- **Your goal**
Among the records below, find the line with "Photo - 2 Bedroom, 1 bath apartment" and the line with "760 West Street Property Photo 19". Set down both and every line between, exactly and with no pictures, but nothing else.
=== Data extract ===
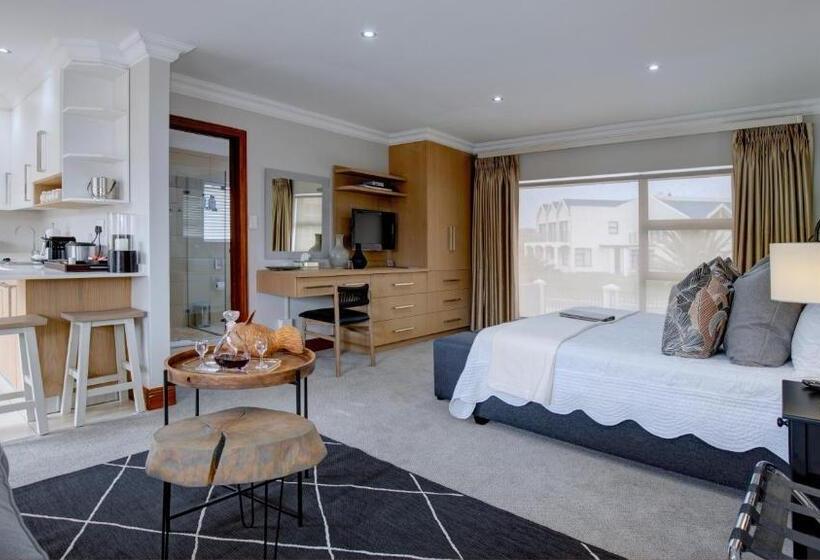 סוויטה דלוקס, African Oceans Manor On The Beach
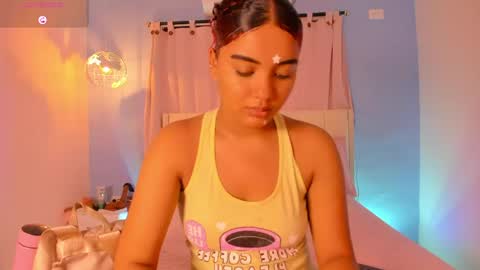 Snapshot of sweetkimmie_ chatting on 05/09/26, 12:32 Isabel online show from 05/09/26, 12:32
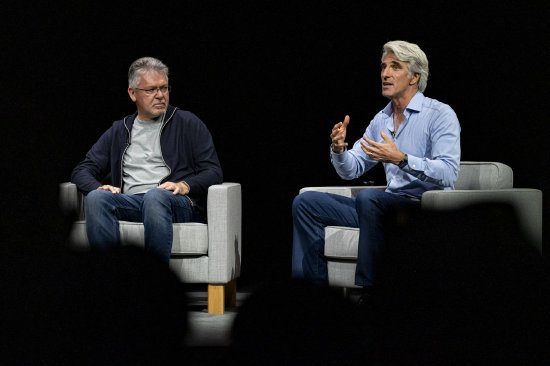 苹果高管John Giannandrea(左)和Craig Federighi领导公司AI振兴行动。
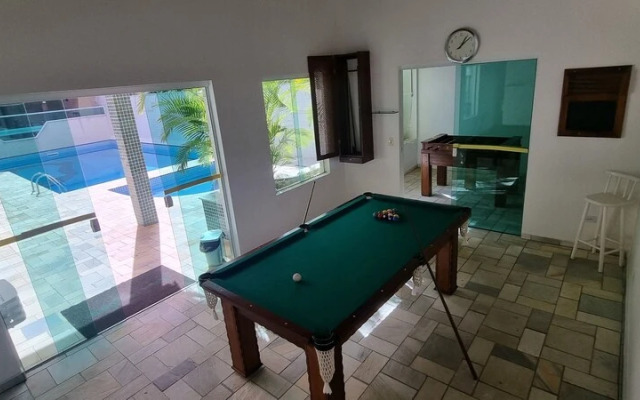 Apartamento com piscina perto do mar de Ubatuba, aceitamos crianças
===
=== Data extract ===
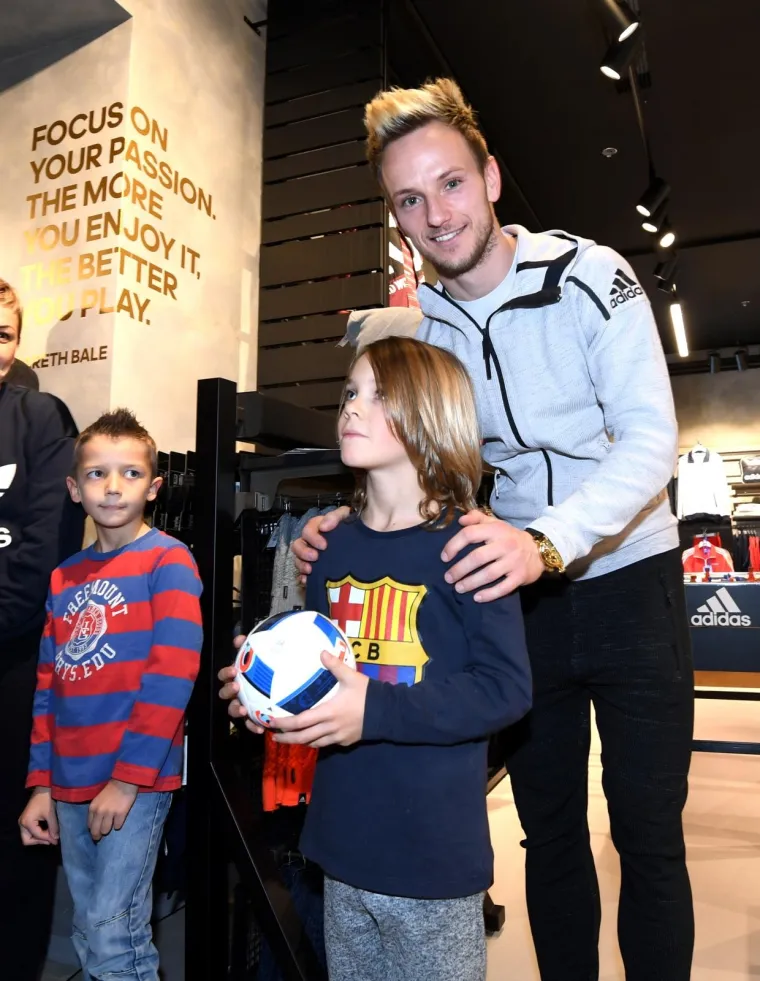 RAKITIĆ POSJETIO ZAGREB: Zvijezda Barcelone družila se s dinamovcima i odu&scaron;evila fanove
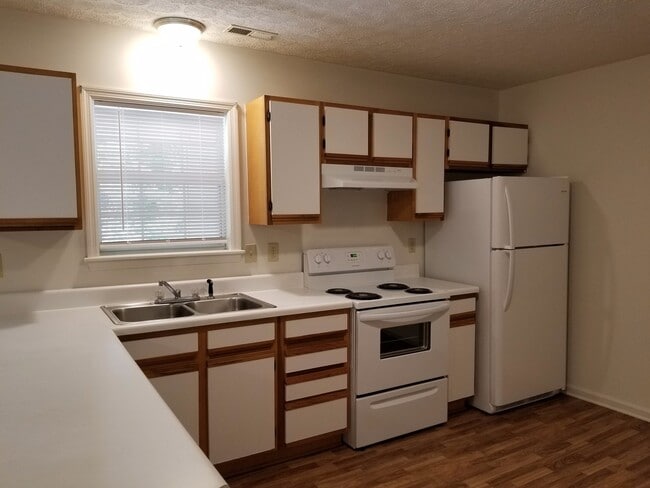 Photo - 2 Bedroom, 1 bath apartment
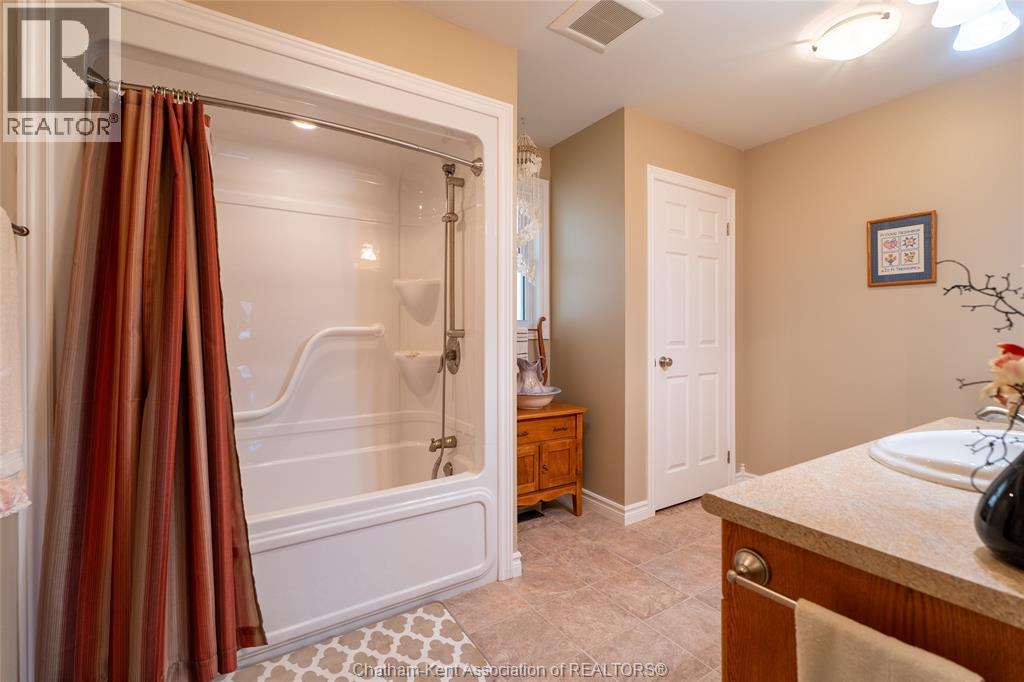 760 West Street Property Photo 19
===
=== Data extract ===
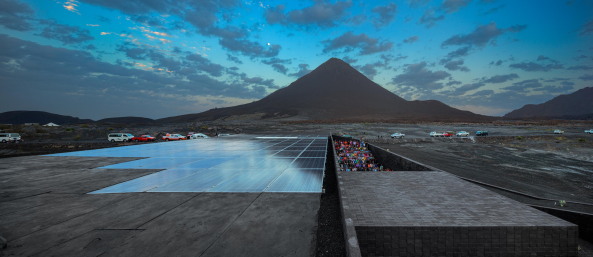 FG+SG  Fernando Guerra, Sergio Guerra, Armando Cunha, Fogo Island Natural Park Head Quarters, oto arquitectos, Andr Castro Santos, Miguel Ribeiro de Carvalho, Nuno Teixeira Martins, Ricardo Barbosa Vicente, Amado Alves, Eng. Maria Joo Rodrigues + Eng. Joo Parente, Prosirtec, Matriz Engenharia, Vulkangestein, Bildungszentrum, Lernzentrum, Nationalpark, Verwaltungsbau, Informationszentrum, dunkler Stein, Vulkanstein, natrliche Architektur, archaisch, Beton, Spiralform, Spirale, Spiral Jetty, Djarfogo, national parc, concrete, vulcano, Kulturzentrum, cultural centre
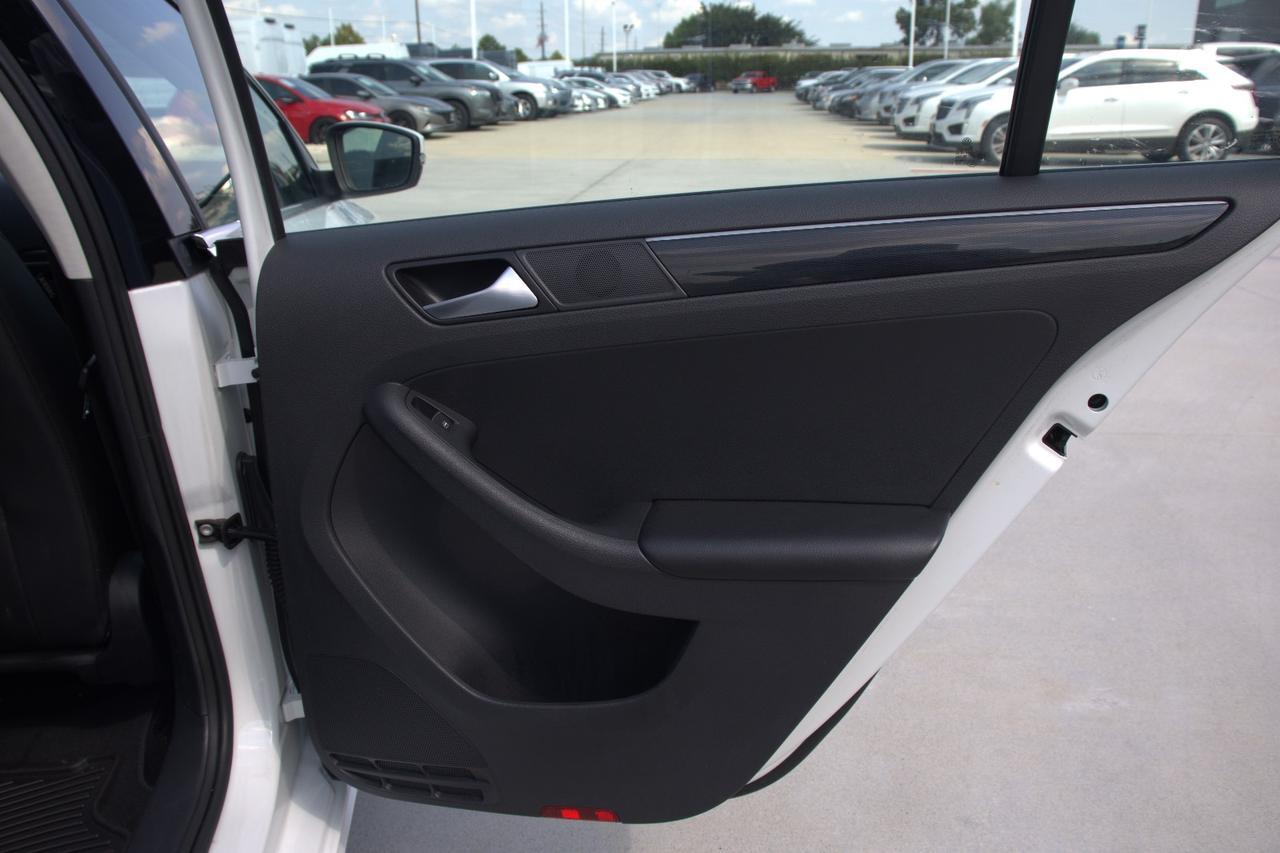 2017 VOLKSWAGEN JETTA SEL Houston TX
===
- **Finished exercise**
 Photo - 2 Bedroom, 1 bath apartment
 760 West Street Property Photo 19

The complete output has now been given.